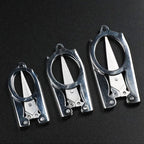 Stainless Steel Foldable Sissors Portable Student Handmade Crafts Scissors Stationery Office DIY School Supplies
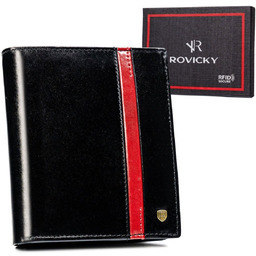 Portfel Męski Ze Skóry Naturalnej Rozbudowany Rovicky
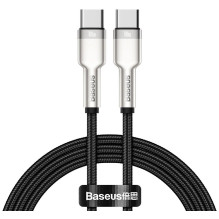 Laidas Baseus CATJK-C01, USB-C, 1 m, sidabro / juoda, 100 W Laidas Baseus CATJK-C01, USB-C, 1 m, sidabro / juoda, 100 W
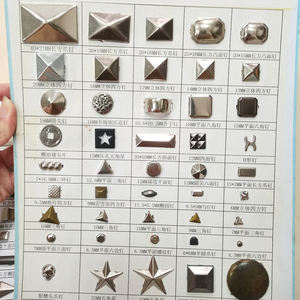 Commande en gros prix métal 2 clous à griffes broches dôme taches étoile Rivets rond goujon griffe pointes <span class=keywords><strong>Rivet</strong></span> pour ceinture en cuir - Product Image 2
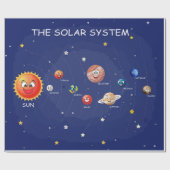Solar System Planets jigzaagpuzzel Cadeaupapier (Vlak)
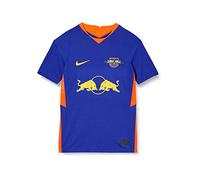 Nike Rblz Y NK BRT Stad JSY SS AW T-Shirt, Unisex niños, Concord/OPTI Yellow Full Sponsor, XS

========================================================================

Transcribe the whole listing exactly but exclude images.

 Stainless Steel Foldable Sissors Portable Student Handmade Crafts Scissors Stationery Office DIY School Supplies
 Portfel Męski Ze Skóry Naturalnej Rozbudowany Rovicky
 Laidas Baseus CATJK-C01, USB-C, 1 m, sidabro / juoda, 100 W Laidas Baseus CATJK-C01, USB-C, 1 m, sidabro / juoda, 100 W
 Commande en gros prix métal 2 clous à griffes broches dôme taches étoile Rivets rond goujon griffe pointes <span class=keywords><strong>Rivet</strong></span> pour ceinture en cuir - Product Image 2
Solar System Planets jigzaagpuzzel Cadeaupapier (Vlak)
 Nike Rblz Y NK BRT Stad JSY SS AW T-Shirt, Unisex niños, Concord/OPTI Yellow Full Sponsor, XS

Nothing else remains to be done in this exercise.